## The data

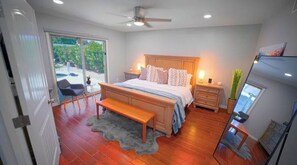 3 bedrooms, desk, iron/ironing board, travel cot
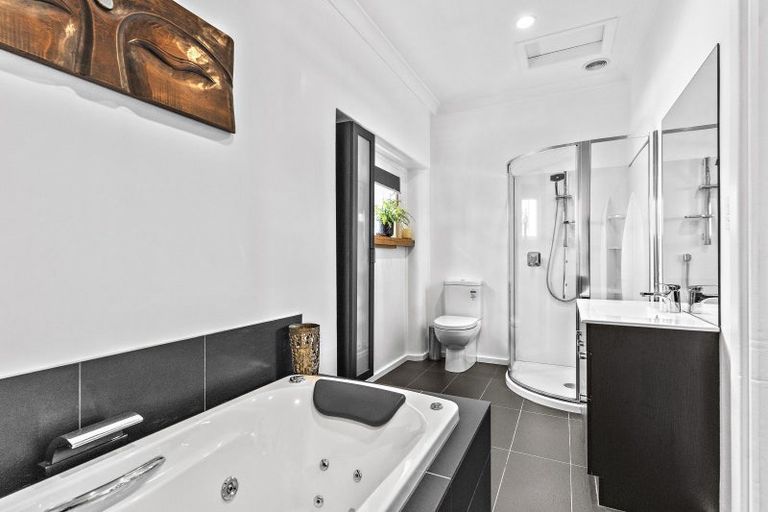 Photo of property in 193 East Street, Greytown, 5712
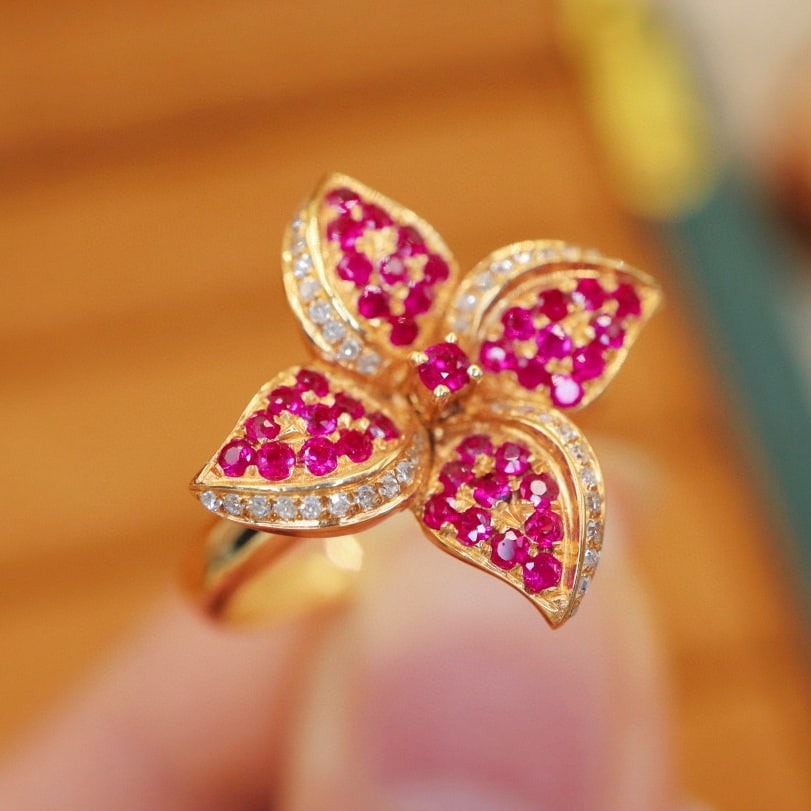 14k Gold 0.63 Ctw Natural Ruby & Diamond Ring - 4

## Your task
In the listing, find the line containing "Photo of property" and repeat it and every later line through the last one, word for word, excluding the pictures.

## Task result
 Photo of property in 193 East Street, Greytown, 5712
 14k Gold 0.63 Ctw Natural Ruby & Diamond Ring - 4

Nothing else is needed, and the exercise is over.